__Required work__. Once you find the line containing "My🙏 Custom Bonuses💰", please retype it and every line after it to the end of the entries, exactly and with nothing added.
***** Records supplied *****
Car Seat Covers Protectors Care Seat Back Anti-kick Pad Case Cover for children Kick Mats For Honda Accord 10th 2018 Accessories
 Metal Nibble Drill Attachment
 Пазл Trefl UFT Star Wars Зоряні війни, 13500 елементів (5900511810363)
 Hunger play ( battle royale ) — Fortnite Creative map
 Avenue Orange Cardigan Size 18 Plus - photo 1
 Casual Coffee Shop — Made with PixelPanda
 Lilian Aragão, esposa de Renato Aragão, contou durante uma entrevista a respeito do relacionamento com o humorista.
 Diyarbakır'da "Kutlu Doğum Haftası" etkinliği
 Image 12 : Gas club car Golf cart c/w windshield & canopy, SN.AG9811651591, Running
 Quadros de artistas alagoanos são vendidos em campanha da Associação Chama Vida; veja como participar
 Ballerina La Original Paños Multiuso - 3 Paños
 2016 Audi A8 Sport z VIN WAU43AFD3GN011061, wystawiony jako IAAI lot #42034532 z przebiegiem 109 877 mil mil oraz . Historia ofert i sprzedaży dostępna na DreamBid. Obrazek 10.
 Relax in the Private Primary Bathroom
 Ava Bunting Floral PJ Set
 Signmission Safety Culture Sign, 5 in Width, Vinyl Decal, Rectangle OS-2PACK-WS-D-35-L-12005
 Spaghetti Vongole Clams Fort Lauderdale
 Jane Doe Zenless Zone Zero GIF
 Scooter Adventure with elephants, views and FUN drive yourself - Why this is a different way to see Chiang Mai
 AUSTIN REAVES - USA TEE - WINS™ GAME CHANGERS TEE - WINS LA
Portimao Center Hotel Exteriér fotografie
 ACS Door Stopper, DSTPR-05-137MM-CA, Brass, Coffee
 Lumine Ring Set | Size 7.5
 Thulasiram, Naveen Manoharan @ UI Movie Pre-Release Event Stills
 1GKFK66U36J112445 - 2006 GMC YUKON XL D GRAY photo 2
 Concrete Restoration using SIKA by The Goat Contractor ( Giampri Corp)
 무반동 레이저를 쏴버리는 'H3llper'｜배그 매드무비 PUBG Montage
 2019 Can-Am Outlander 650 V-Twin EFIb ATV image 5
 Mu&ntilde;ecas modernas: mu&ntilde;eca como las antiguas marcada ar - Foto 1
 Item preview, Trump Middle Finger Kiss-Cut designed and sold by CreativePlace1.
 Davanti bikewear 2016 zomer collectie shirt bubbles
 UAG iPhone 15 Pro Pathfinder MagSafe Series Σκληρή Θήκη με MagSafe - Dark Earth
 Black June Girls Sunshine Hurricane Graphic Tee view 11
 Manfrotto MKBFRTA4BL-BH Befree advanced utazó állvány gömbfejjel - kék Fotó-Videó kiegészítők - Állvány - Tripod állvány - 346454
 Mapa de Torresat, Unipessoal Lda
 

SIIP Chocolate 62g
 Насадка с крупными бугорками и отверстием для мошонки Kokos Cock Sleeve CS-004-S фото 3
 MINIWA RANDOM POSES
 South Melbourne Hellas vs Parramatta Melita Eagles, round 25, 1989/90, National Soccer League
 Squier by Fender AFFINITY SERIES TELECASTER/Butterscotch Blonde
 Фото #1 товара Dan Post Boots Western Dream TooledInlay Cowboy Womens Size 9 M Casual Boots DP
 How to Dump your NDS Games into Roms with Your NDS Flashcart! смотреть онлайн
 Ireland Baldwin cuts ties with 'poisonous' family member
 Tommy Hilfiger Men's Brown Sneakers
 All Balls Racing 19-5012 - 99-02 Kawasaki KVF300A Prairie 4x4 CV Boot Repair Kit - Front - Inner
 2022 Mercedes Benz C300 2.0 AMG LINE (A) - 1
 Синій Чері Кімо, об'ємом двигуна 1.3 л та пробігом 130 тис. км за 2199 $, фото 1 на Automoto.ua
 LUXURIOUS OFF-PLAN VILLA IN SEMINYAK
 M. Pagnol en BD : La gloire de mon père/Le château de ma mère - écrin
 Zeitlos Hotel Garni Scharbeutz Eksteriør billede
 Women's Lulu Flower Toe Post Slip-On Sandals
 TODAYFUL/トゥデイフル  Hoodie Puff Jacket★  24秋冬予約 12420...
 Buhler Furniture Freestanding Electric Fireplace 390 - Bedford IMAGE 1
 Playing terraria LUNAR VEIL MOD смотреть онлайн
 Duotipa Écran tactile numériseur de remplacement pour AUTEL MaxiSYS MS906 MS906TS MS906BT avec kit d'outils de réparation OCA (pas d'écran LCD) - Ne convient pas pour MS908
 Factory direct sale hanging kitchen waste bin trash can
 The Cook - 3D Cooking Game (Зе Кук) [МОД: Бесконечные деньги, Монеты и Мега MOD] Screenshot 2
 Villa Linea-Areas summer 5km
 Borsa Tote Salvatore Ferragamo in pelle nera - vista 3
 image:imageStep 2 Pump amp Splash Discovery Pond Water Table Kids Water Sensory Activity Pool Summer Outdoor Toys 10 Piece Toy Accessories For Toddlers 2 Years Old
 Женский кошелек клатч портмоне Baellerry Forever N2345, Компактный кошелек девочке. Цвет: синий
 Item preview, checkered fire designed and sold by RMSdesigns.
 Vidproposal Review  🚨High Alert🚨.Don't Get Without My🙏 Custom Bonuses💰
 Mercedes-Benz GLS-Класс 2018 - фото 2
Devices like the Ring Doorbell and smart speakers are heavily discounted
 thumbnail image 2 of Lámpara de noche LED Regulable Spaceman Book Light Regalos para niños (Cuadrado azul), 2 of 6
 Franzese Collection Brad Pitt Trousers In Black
*****
__Output__.
 Vidproposal Review  🚨High Alert🚨.Don't Get Without My🙏 Custom Bonuses💰
 Mercedes-Benz GLS-Класс 2018 - фото 2
Devices like the Ring Doorbell and smart speakers are heavily discounted
 thumbnail image 2 of Lámpara de noche LED Regulable Spaceman Book Light Regalos para niños (Cuadrado azul), 2 of 6
 Franzese Collection Brad Pitt Trousers In Black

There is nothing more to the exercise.